GDG Model Copies and DCB Attributes

When you create a new generation, the system can inherit DCB attributes (record format, record length, block size) from a model dataset. This ensures consistency across generations:

//* Define a model dataset for the GDG
//DEFMODEL EXEC PGM=IEFBR14
//GDGMODEL DD  DSN=GBANK.TXN.ARCHIVE.MODEL,
//             DISP=(NEW,CATLG),
//             SPACE=(TRK,(0)),
//             DCB=(RECFM=FB,LRECL=200,BLKSIZE=27800)
//*
//* New generations inherit DCB from model
//ARCOUT   DD  DSN=GBANK.TXN.ARCHIVE(+1),
//             DISP=(NEW,CATLG,DELETE),
//             SPACE=(CYL,(200,100),RLSE),
//             DCB=GBANK.TXN.ARCHIVE.MODEL

Without a model dataset, each generation must explicitly specify its DCB attributes in the JCL. If a developer forgets or uses inconsistent values, downstream programs that read the GDG may fail or produce incorrect results.

GDG Recoverability

When a batch job that creates a GDG generation fails, you face a decision: the partially written generation exists in the catalog. The DISP=(NEW,CATLG,DELETE) parameter tells the system to delete the dataset if the step abends. But what if the step completes with a high return code instead of abending? Maria's standard practice is explicit cleanup:

//* Step to clean up failed GDG generation
//    IF (ARCHIVE.RC > 4) THEN
//CLEANUP  EXEC PGM=IEFBR14
//BADGEN   DD  DSN=GBANK.TXN.ARCHIVE(+1),
//             DISP=(OLD,DELETE,DELETE)
//    ENDIF

📊 GDG Housekeeping Checklist - Verify GDG limit is set appropriately (too low = premature rolloff, too high = wasted DASD) - Monitor DASD consumption — 365 generations of a large file consume significant space - Periodically verify that the GDG base and all active generations are consistent in the catalog - Use IDCAMS LISTCAT to audit GDG contents during monthly maintenance windows - Document which GDGs have downstream dependencies (regulatory archives, audit trails)

GDG and Tape Management

For long-term archival, older GDG generations are often migrated to tape. Tape management systems like CA-1 (TMS) or DFSMSrmm coordinate with GDG rolloff:

GDG Generation Policy Example:
  Generations 0 to -30:   DASD (immediate access)
  Generations -31 to -365: Migrated to tape (recall delay ~30 seconds)
  Generations older than -365: Expired and scratched

This tiered storage approach balances cost against access speed. Maria's team can access yesterday's archive instantly but must wait 30 seconds for last month's archive to be recalled from tape.

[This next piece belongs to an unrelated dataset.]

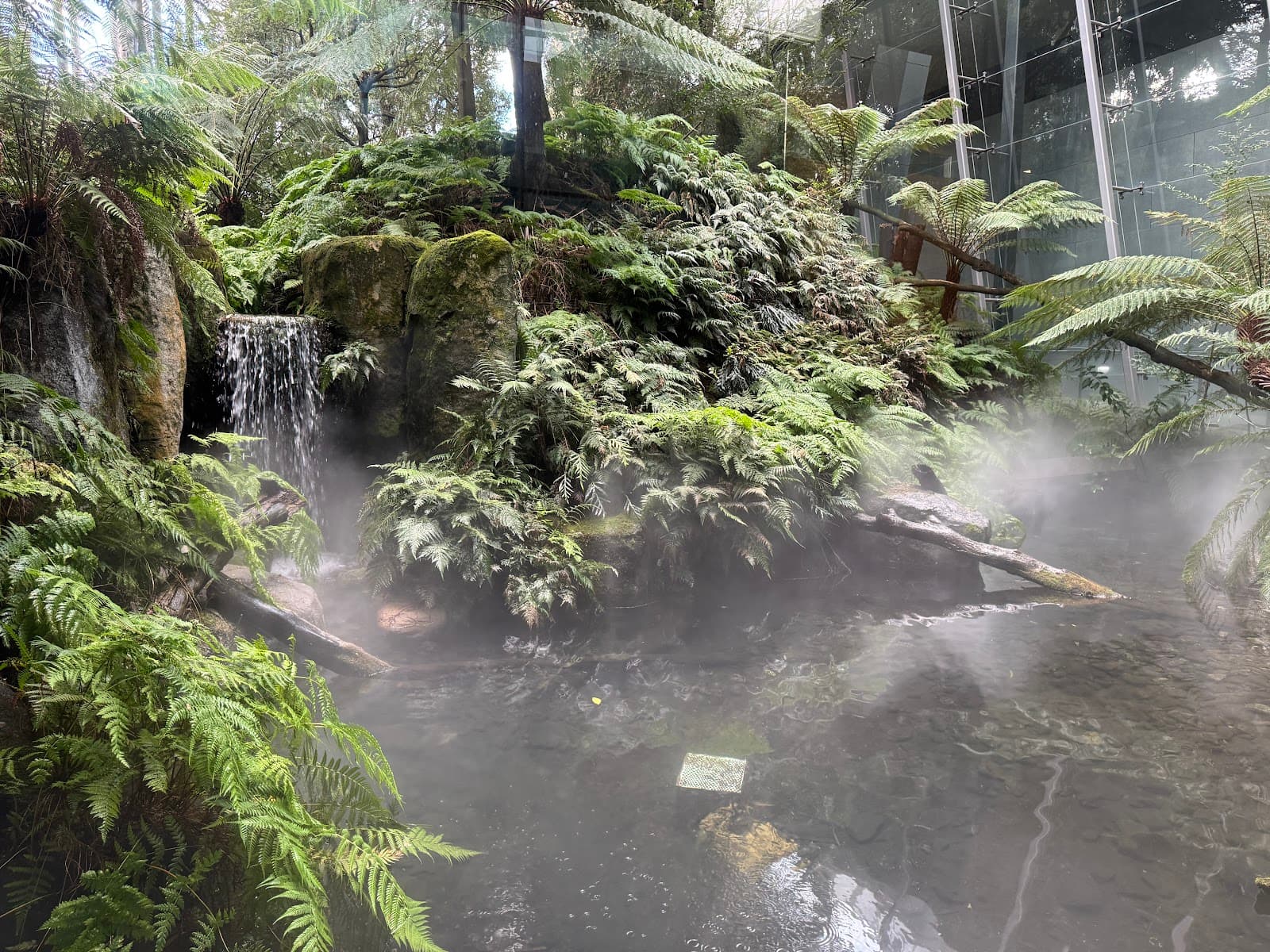Forest Secrets (Melbourne Museum) — Carlton, Melbourne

⚠️ Tape Recall Trap: If a production job references a GDG generation that has been migrated to tape, the job will wait for the tape mount. At 2 AM, there may be no operator available to mount the tape. Always verify that your job's GDG references point to DASD-resident generations, or ensure automated tape library support is available.

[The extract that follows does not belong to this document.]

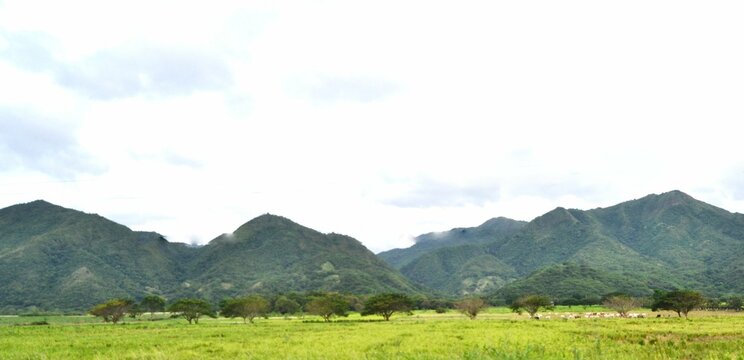 landscape in the summer, Fusagasuga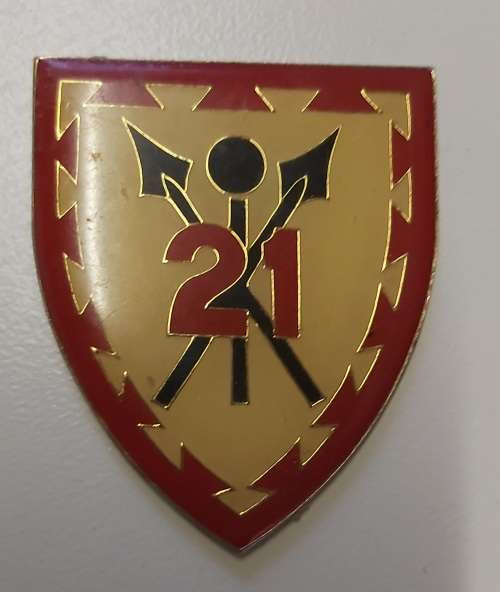 21 Battalion flash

38.17 Production Scheduling: TWS and CA-7

Enterprise batch scheduling is far more sophisticated than simply running jobs in sequence. Scheduling tools manage dependencies, calendars, alerts, and automatic recovery.

Tivoli Workload Scheduler (TWS / IBM Workload Automation)

TWS (now IBM Workload Automation) is the scheduling system used at GlobalBank and many other mainframe shops. It manages:

Job dependencies: Job B waits for Job A to complete with RC ≤ 4
Resource dependencies: Only one job at a time can access the account master
Calendar dependencies: Month-end jobs run only on the last business day
Time dependencies: Statement generation cannot start before 4:00 AM
Special resources: Printer availability, external feed arrival

Defining a Job Stream in TWS

TWS uses an application description to define job streams:

APPLICATION: GBNIGHTLY
  OWNER: BATCHOPS
  CALENDAR: GBANK-WEEKDAY
  RUN DAYS: MON TUE WED THU FRI
  EXCLUDED: GBANK-HOLIDAYS

  OPERATION: GBEXTRACT
    JOB: GBANK.PROD.JCL(GBEXTRACT)
    PREDECESSORS: NONE (triggered by time 23:00)
    RECOVERY: RERUN

  OPERATION: GBSORT01
    JOB: GBANK.PROD.JCL(GBSORT01)
    PREDECESSORS: GBEXTRACT (RC ≤ 4)
    RECOVERY: RERUN

  OPERATION: GBVALID
    JOB: GBANK.PROD.JCL(GBVALID)
    PREDECESSORS: GBSORT01 (RC ≤ 4)
    RECOVERY: RERUN

  OPERATION: GBPOST
    JOB: GBANK.PROD.JCL(GBPOST)
    PREDECESSORS: GBVALID (RC ≤ 4)
    SPECIAL RESOURCE: ACCT-MASTER (EXCLUSIVE)
    RECOVERY: STOP (manual intervention required)
    ALERT: PAGE ONCALL-DBA IF RC > 4

💡 Key Insight: Notice that GBPOST specifies RECOVERY: STOP instead of RERUN. This is because GBPOST modifies the account master file — rerunning it blindly could double-post transactions. The on-call DBA must verify the checkpoint status before restarting. This is a deliberate design decision that reflects the risk profile of the step.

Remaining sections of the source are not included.